[SUPPLIED INFORMATION — start]

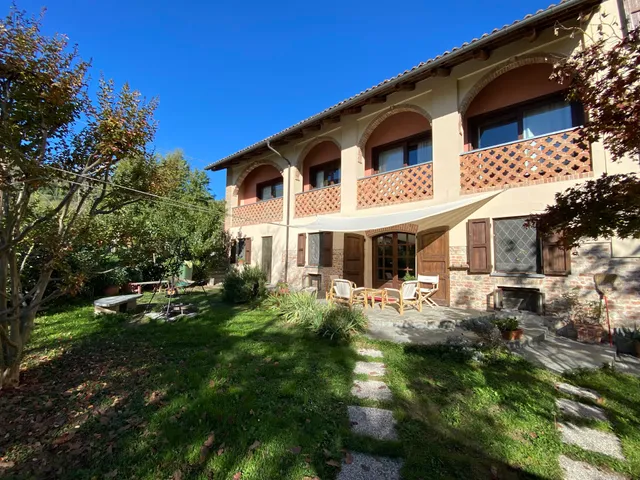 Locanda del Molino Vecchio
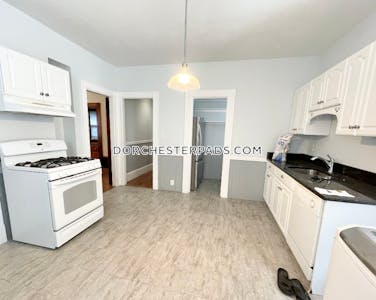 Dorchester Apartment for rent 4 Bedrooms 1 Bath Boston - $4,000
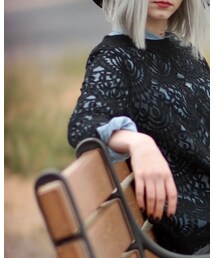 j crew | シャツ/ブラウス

[SUPPLIED INFORMATION — finish]

§ TO DO:
Leave out the pictures and retype every line above exactly.

§ WRITTEN SOLUTION:
 Locanda del Molino Vecchio
 Dorchester Apartment for rent 4 Bedrooms 1 Bath Boston - $4,000
 j crew | シャツ/ブラウス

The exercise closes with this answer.